Records from a dataset:
------------------------------------------------------------------------

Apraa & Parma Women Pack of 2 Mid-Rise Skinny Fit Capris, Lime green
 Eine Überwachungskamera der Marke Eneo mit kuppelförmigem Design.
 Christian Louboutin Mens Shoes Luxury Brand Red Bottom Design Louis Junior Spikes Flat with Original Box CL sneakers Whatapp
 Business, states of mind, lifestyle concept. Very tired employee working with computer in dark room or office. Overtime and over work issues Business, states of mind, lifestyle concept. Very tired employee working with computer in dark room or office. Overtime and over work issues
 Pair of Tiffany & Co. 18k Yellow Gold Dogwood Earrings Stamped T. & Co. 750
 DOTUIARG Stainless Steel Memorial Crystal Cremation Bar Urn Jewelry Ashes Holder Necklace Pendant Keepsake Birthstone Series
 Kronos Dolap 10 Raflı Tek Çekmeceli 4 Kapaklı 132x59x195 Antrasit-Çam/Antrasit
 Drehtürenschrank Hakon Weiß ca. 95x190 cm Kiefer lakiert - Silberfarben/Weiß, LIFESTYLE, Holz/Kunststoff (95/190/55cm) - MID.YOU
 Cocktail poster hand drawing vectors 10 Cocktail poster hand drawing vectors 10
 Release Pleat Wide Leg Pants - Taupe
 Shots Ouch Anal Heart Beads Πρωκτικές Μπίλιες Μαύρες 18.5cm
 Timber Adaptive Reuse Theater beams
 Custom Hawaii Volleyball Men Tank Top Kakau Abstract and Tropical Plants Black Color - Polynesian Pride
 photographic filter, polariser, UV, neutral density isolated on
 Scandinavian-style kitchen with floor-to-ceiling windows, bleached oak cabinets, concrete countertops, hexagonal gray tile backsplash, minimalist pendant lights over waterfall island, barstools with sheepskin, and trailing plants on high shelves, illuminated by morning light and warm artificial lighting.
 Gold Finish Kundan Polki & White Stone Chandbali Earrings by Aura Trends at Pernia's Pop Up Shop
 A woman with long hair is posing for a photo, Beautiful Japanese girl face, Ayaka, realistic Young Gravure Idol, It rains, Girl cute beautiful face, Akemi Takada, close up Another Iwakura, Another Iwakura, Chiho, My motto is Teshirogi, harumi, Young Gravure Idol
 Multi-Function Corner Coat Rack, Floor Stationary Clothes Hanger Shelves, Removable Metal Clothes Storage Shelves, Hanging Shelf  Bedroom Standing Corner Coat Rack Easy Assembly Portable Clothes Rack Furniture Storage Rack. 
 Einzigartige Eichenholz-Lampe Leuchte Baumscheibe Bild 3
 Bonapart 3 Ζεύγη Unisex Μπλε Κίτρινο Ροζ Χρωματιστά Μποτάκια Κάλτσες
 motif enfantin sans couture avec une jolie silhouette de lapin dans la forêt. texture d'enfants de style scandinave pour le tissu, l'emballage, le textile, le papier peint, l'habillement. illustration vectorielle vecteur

------------------------------------------------------------------------

▸ **What you should do**:
Your answer must be the line containing "Multi-Function Corner Coat" and every line after it through the end of the records above, reproduced exactly and alone.

▸ **Your response**:
 Multi-Function Corner Coat Rack, Floor Stationary Clothes Hanger Shelves, Removable Metal Clothes Storage Shelves, Hanging Shelf  Bedroom Standing Corner Coat Rack Easy Assembly Portable Clothes Rack Furniture Storage Rack. 
 Einzigartige Eichenholz-Lampe Leuchte Baumscheibe Bild 3
 Bonapart 3 Ζεύγη Unisex Μπλε Κίτρινο Ροζ Χρωματιστά Μποτάκια Κάλτσες
 motif enfantin sans couture avec une jolie silhouette de lapin dans la forêt. texture d'enfants de style scandinave pour le tissu, l'emballage, le textile, le papier peint, l'habillement. illustration vectorielle vecteur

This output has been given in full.